Abby Posner – Kisbee Ring
Self Released – 12 November 2021
A longtime presence on the LA circuit, Abby Posner is a singer-songwriter with an apparent affection for the music of 70s Laurel Canyon. The album’s title is a vernacular term for a lifebelt, a metaphor that underpins much of the material. It provides the entry point, clattering drum pattern, piano and strummed guitar backgrounding an end of a relationship lyric about how life seems “one bad joke”, throwing out the life preserver to a relationship metaphorically drifting out to sea.
Traced with nimble fingerpicked guitar, Low, Low Low, is again about being adrift and out of mental sorts (“I don’t feel right today/Something in my head’s got me gone I don’t want to get high anyway/Been living in the clouds for too long/When life as we know is on hold”), wanting to hide away but getting to know and understand the sadness you feel.

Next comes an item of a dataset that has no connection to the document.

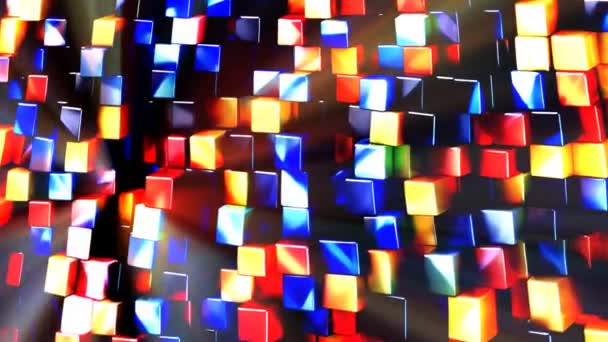 Színes Háromdimenziós Kocka Háttér Textúra Fénysugarakkal — Stock videók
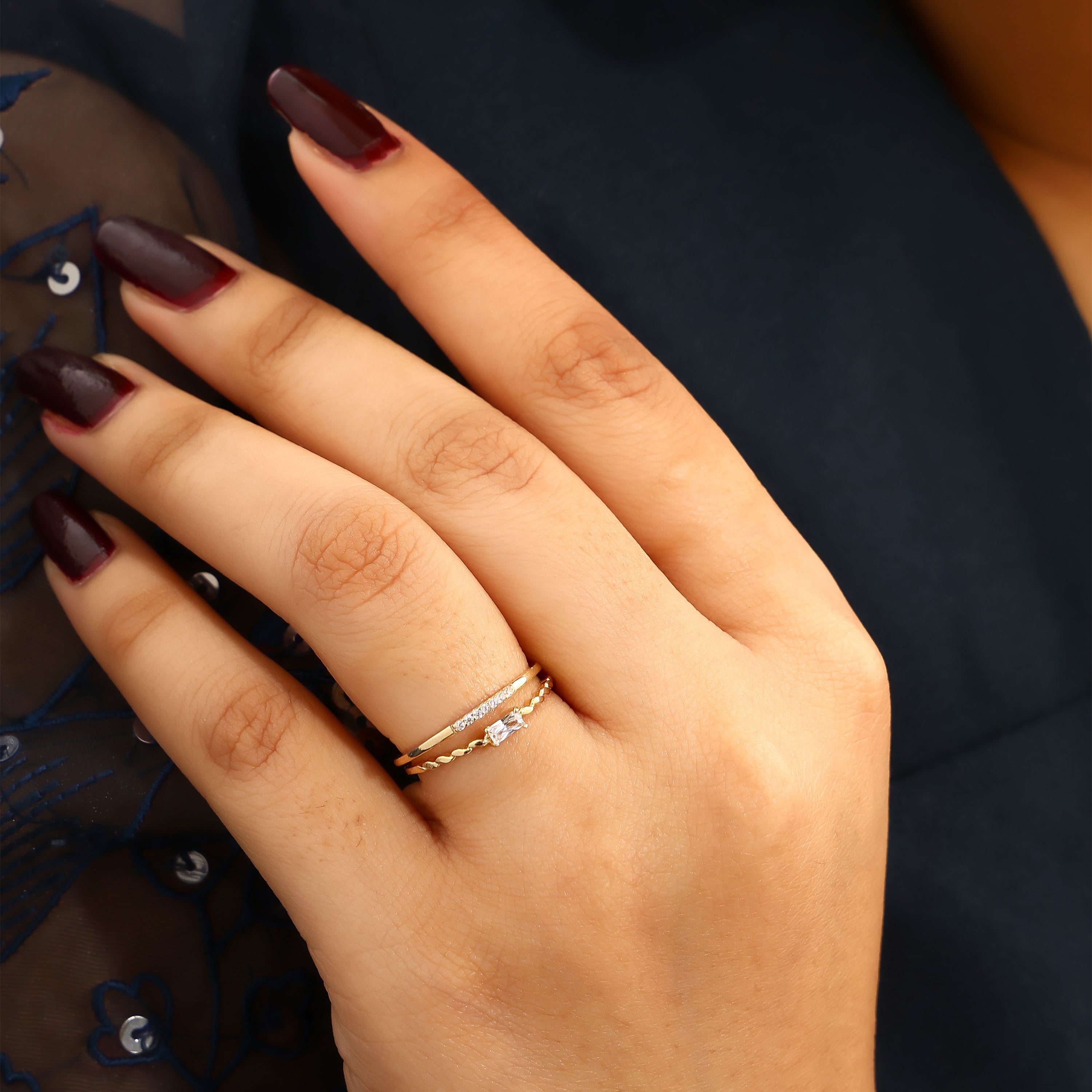 Baguette Solitaire Double Band Gold-Plated Silver Ring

The catchy soft brushed drum shuffle and layered doo wop-ish backing vocals of Emergency Use Only, link again to that core image: “Thrown out to the deepest sea/Now I cannot find the shore”. Singing of life bringing you down and people projecting their experiences back on you, she offers herself up to help enable recovery, “You project the story/And I’ll be the screen/Don’t let it slip on by/It doesn’t matter what you know/ It’s about how hard you try…take it all out on me”.
Featuring resonator guitar, banjo and dappled clopping percussion, Mary Scholz adding her vocals, Joshua Tree offers a different metaphor for loss and the fragile nature of love (“Cactus standing like a ghost on a tombstone/Crooked as a wing/Whispers howl from the walls of this old home/ Listen to them sing/Where do you go when you lose yourself and the road is all you see”). Fingerpicked mandolin shimmers through The Trilogy, which speaks of choosing to withdraw from life and “be a prisoner of your thoughts” or to fight the depression, “take the next train out …and let go of the doubts”, and make it to the other shore.
The melodically circling Fall Apart continues the theme of a turbulent relationship (“Are you weary of early mornings/Fits and furies without a warning/Losing sleep endlessly/There’s no place to run…Are we moving or slowly fading”). Still, not one, it seems, she’s ready to quit (“You’ve never known a love like this/ It will hook your heart/You will fall apart/In the best way…Now you can’t get enough/When the den has cleared/You will dread the silence”).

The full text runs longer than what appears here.